Sunday, September 26, 2010

Juvenile Court Probation Officer New Orleans 1965 And 1966

That may sound like a good job but it was probably the worse job I ever had. I started with 10 cases and 9 months later I had 150 cases on my desk.
  I will tell a few of the more colorful cases that I had.

1. A young man was arrested for impersonating a doctor. He was 16 years old. He had bought some doctor equipment and clothes and wandered around a hospital pretending to be a doctor. He met a young woman and they were going to be married. Her mother spent 8000 dollars planning the wedding. Then they found out he was not a doctor and only 16 years old. He was just a great con man.
  If I remember right some months later I came out of our building at 731 Ursulines Street in the French Quarter and saw this young man standing up against a wall. I stopped to talk to him. I asked him what he was doing. He said he was watching that car as he pointed at some car. He said he had a job repossessing cars. I never saw him again.
 
  2. I had to go to Charity Hospital to see a kid who was on the psych ward. He had been stealing cars. He was only 16 years old. He denied all the charges and told me I had to get him out of that hospital that it was full of crazy people. And indeed it was.

 The event took place on the day before hurricane Betsy hit New Orleans in 1965. After left Charity hospital the skies were getting dark and menacing. I had just bought an automobile that day. A really old Studebaker. I think it was a 1955. It was built like a tank.

 I tried to get the psychiatrist to let the kid out but he refused. Instead he told me to read a book called THE MASK OF SANITY by Hervy Cleckly. It is the best book about sociopaths and psychopaths and how cunning and convincing they can be.

   I had to interview this kid's mother. She told me that voices from her radio were telling her what to do. And that if I didn't leave her son alone she would, "Scratch your eyes out".

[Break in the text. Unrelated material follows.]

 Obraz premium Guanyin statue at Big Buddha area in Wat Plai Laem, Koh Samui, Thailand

3. I got a case for a young boy around 10 who had stolen a car. I think they called it unauthorized moving of a vehicle. That was the police language.

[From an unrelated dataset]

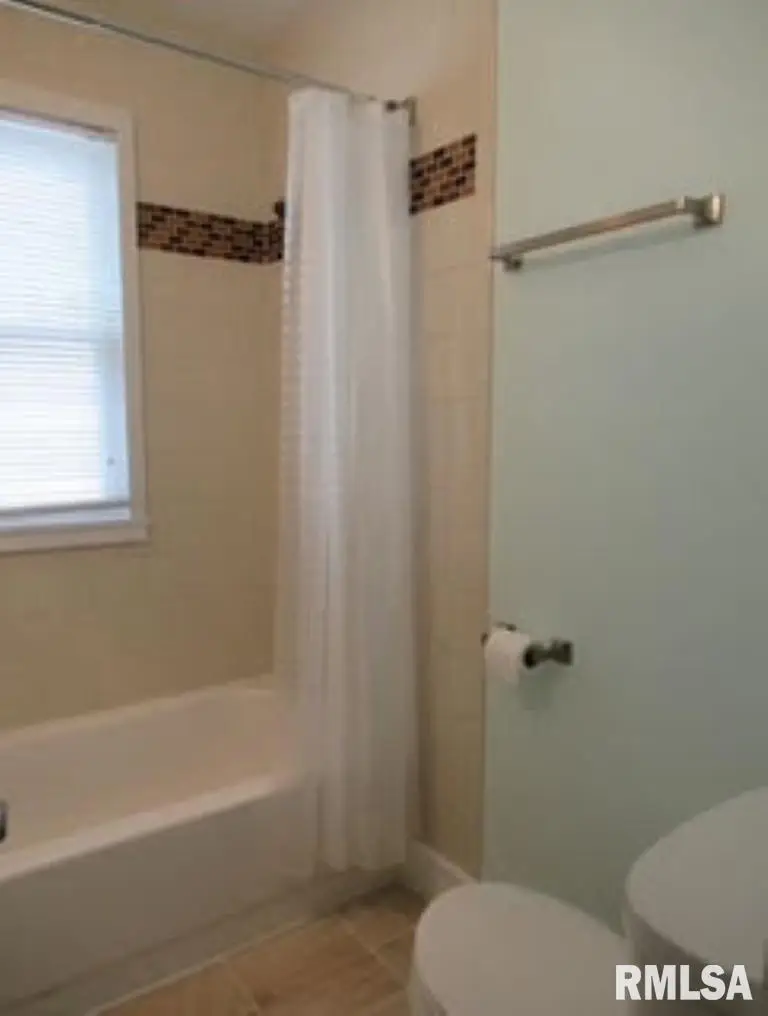 1525 25th Street, Rock Island, IL 61201 - Image #3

4. Another case involving a young boy of around 12 or 13 who along with some of his buddies were breaking in pinball machines in and around Tulane University. He came from a good and wealthy family.  I had to interview him. Shortly afterwards a young high powered Harvard educated attorney came into my office. He demanded to see the police report. I told him wait a minute. I had never had that happen before. I went and asked my boss and he said it was OK. Let him see it.

5.  We had many cases of black juveniles that had gotten in trouble. One case was an auto theft case involving three or four juveniles. When the case came before the Juvenile Court judge I had to sit in since I had written the family case history.
This particular judge had worked for Huey Long. In fact he was with Huey Long when he was shot at the capitol in Baton Rouge. He was hard on all cases.
 In fact it was almost routine that anyone who came before him went straight to "state school". That was the juvenile detention facility in Alexandria, Louisiana. There was a facility there for female juvenile offenders as well. I accompanied a female juvenile detention office once with a female offender there once via train from New Orleans to Alexandria,La.

Click to enlarge the picture.
   So the judge asked the arresting policce officer what the charge was on the young man. The police officer said " Car theft". The judge said "State School". Case closed. No further comment. However this case was not quite closed. The young black man hollered "You don't let nobody speak". He started to get out of his chair. The old white haired judge said "Ok, what have you got to say". The young man said "I didn't steal the car I was just riding in it". The judge said, "State school.".  They led the young man out of the courtroom. After they were gone the judge said to me, "I wish he had tried to come over this desk I would have broken his neck".